§ **WORK REQUIRED**
The following data needs to be repeated exactly, with all images excluded.

Crawled caption data:
■ ■ ■ ■ ■

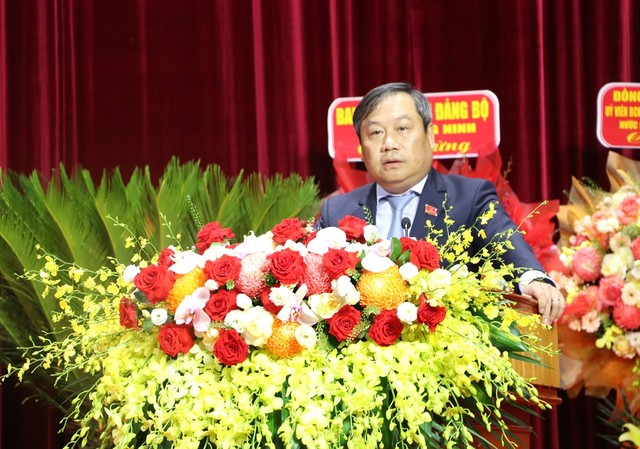 Ông Vũ Đại Thắng, Bí thư Tỉnh ủy Quảng Ninh phát biểu tại Đại hội.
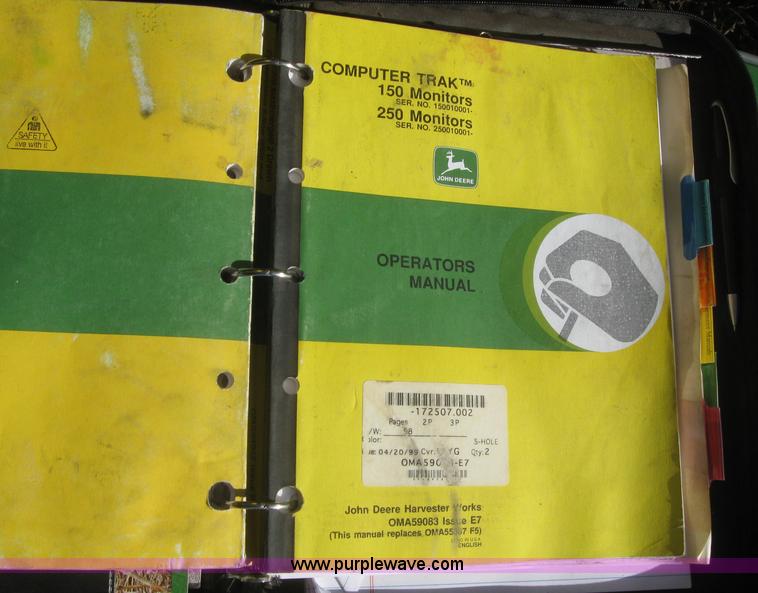 image for item 3040 John Deere 7200 conservation planter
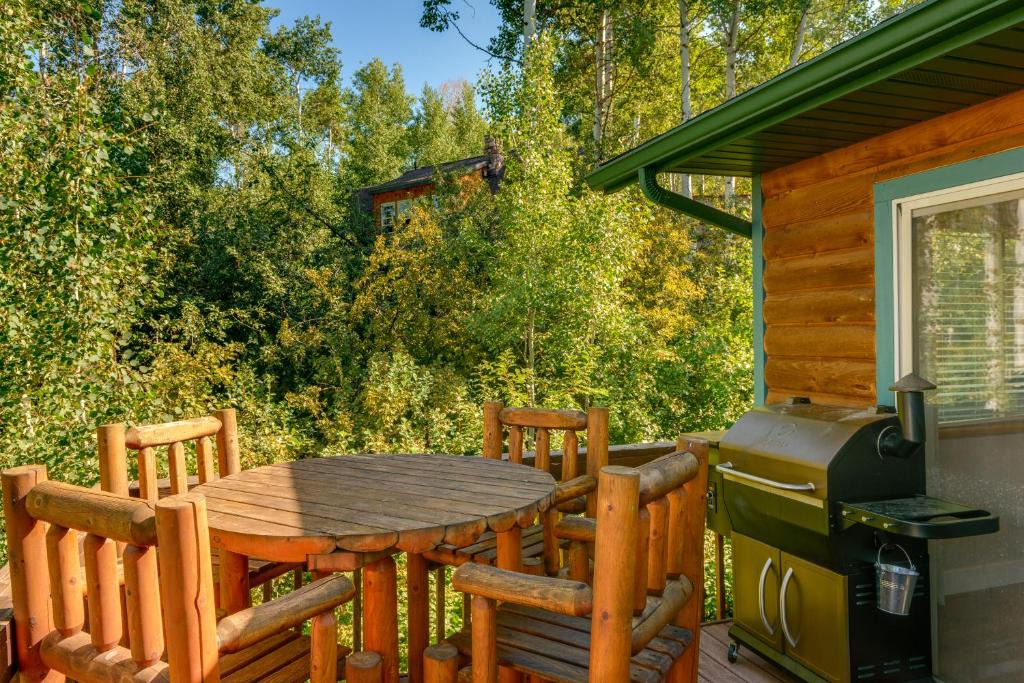 Star Valley Ranch House | Star Valley Ranch Cabin Rental w/Private Hot Tub!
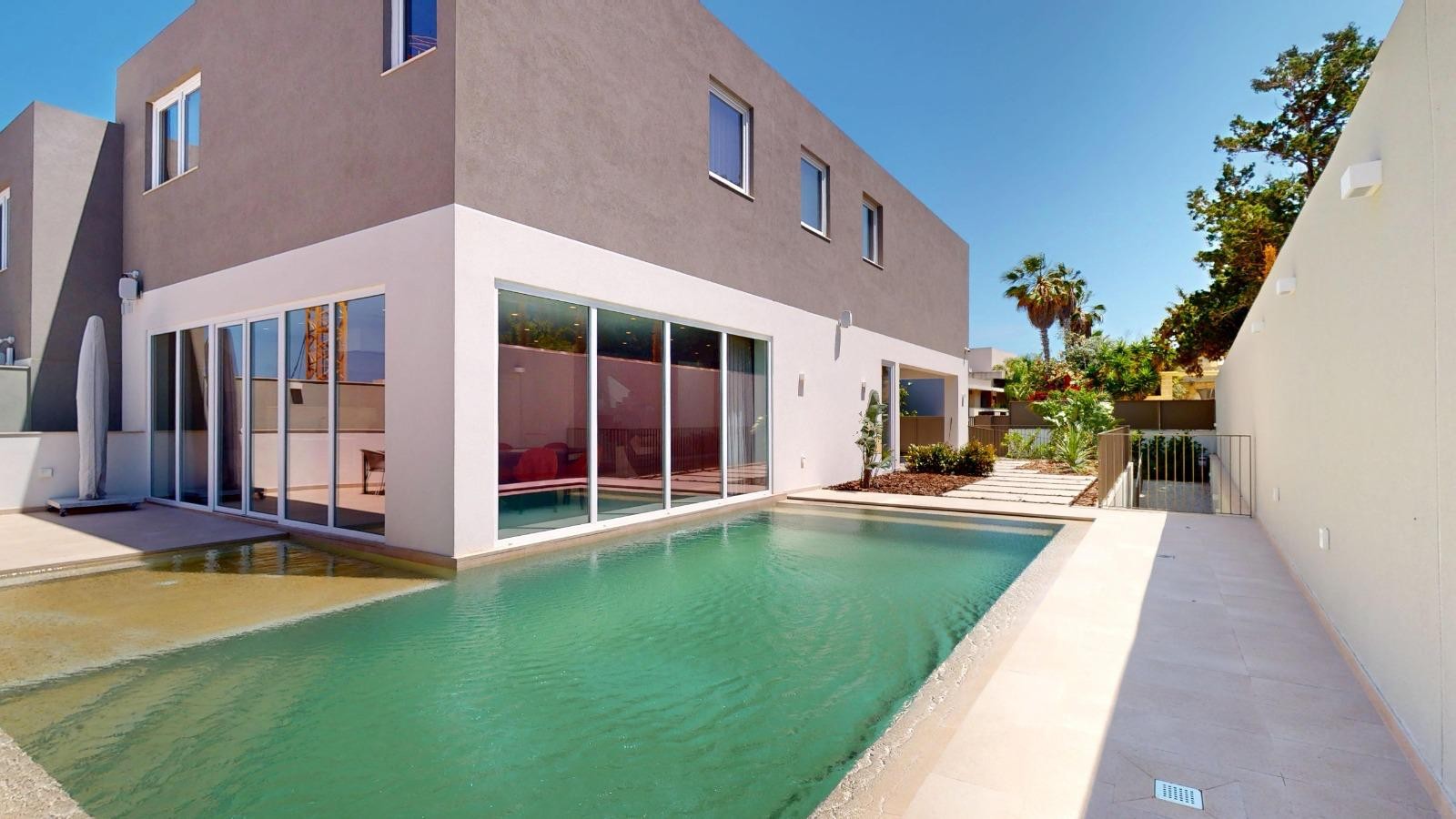 Property For Rent in Malta: Luxury new Villa with outdoor and indoor pool - Malta Luxury Homes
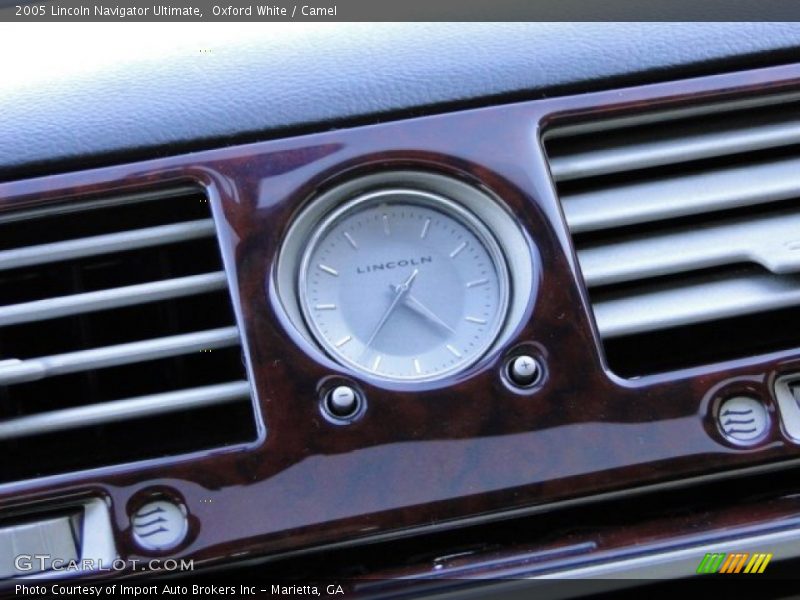 Oxford White / Camel 2005 Lincoln Navigator Ultimate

■ ■ ■ ■ ■

§ **EXPECTED ANSWER**
 Ông Vũ Đại Thắng, Bí thư Tỉnh ủy Quảng Ninh phát biểu tại Đại hội.
 image for item 3040 John Deere 7200 conservation planter
 Star Valley Ranch House | Star Valley Ranch Cabin Rental w/Private Hot Tub!
 Property For Rent in Malta: Luxury new Villa with outdoor and indoor pool - Malta Luxury Homes
 Oxford White / Camel 2005 Lincoln Navigator Ultimate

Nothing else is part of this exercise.